* _PROBLEM DESCRIPTION_
An exact copy of the listing below is needed, with no pictures in it.

* _DATA EXCERPT_
◇ ◇ ◇ ◇ ◇

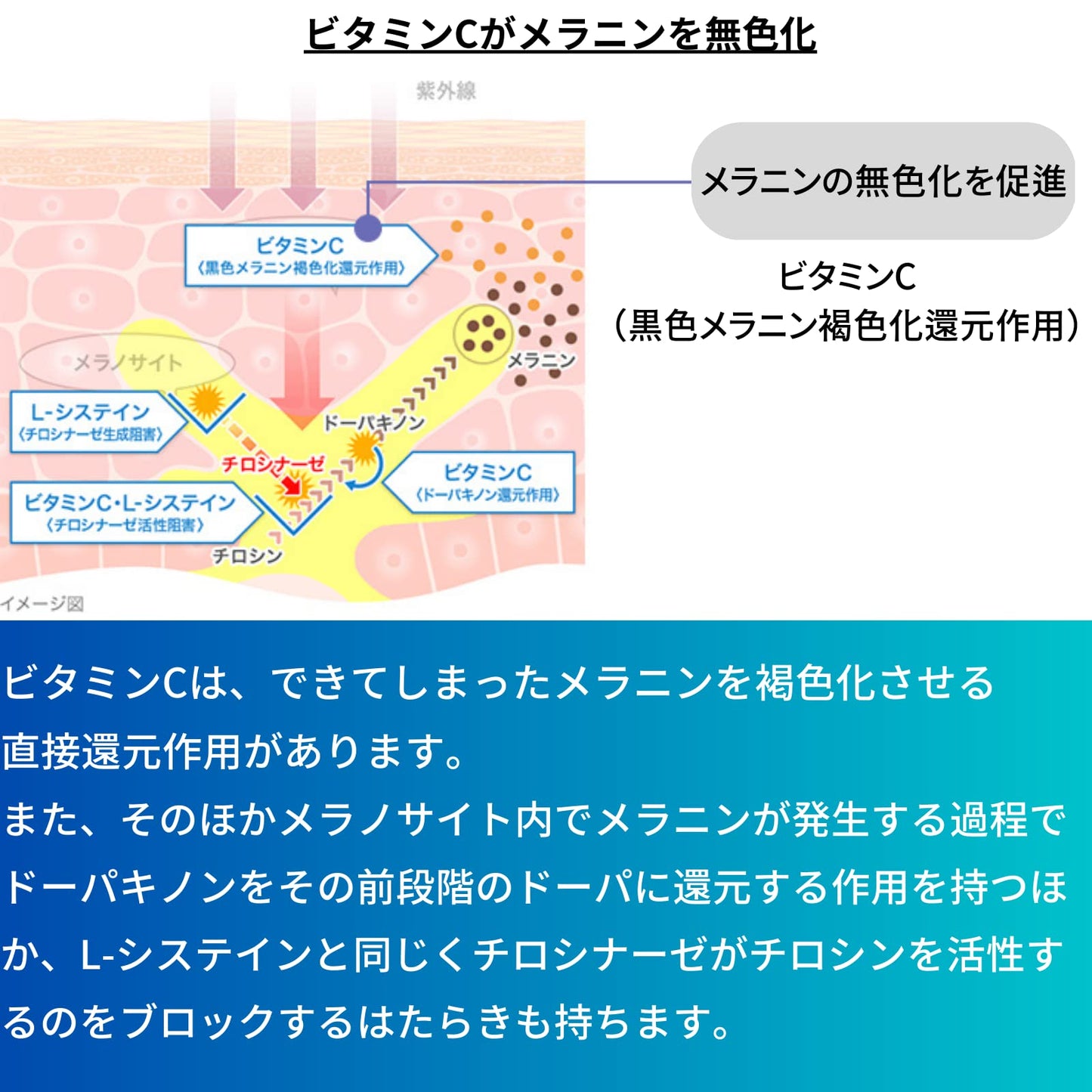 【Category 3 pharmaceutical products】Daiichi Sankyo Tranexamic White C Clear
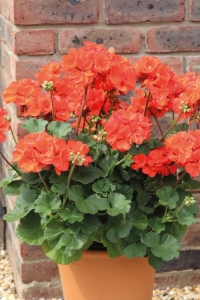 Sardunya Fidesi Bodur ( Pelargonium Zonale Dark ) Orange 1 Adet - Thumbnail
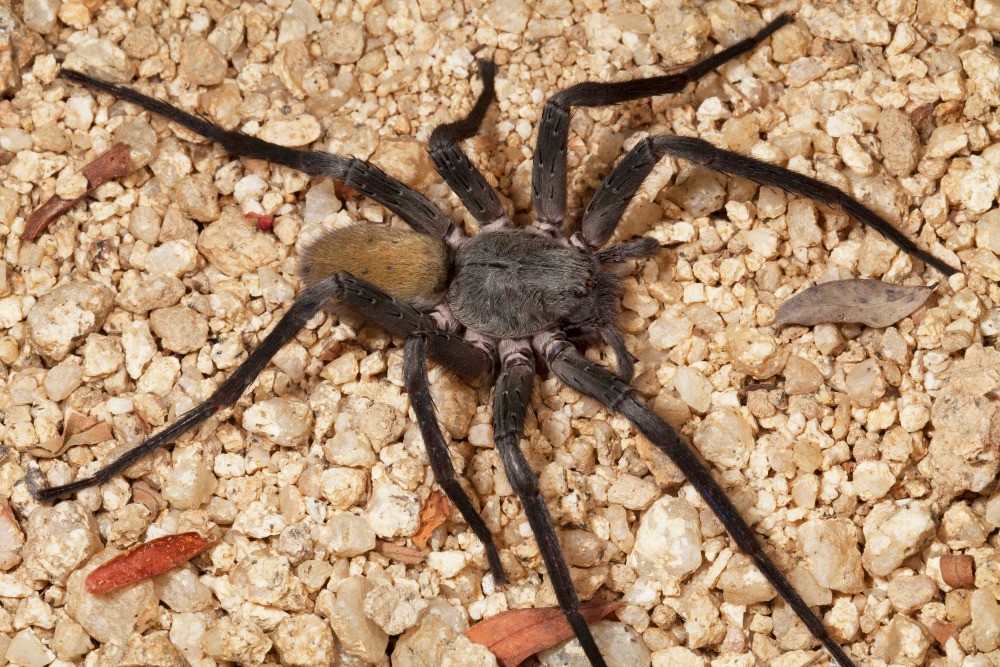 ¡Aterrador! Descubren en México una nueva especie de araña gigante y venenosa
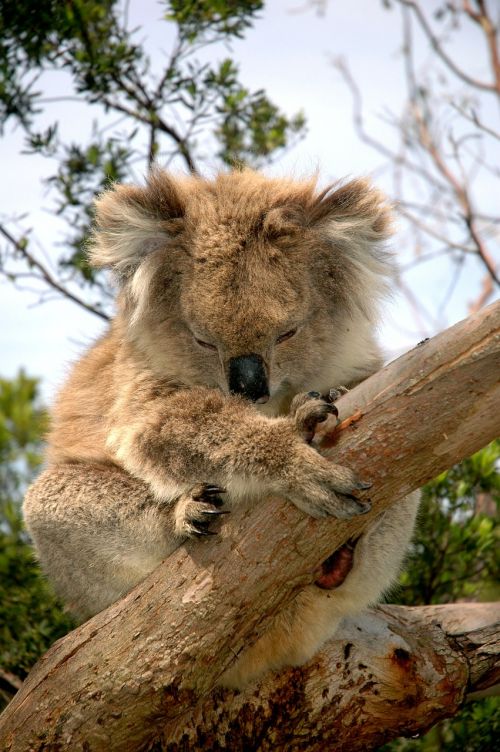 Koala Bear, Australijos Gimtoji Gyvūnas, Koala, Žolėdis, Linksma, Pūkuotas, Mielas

◇ ◇ ◇ ◇ ◇

* _WRITTEN RESPONSE_
 【Category 3 pharmaceutical products】Daiichi Sankyo Tranexamic White C Clear
 Sardunya Fidesi Bodur ( Pelargonium Zonale Dark ) Orange 1 Adet - Thumbnail
 ¡Aterrador! Descubren en México una nueva especie de araña gigante y venenosa
 Koala Bear, Australijos Gimtoji Gyvūnas, Koala, Žolėdis, Linksma, Pūkuotas, Mielas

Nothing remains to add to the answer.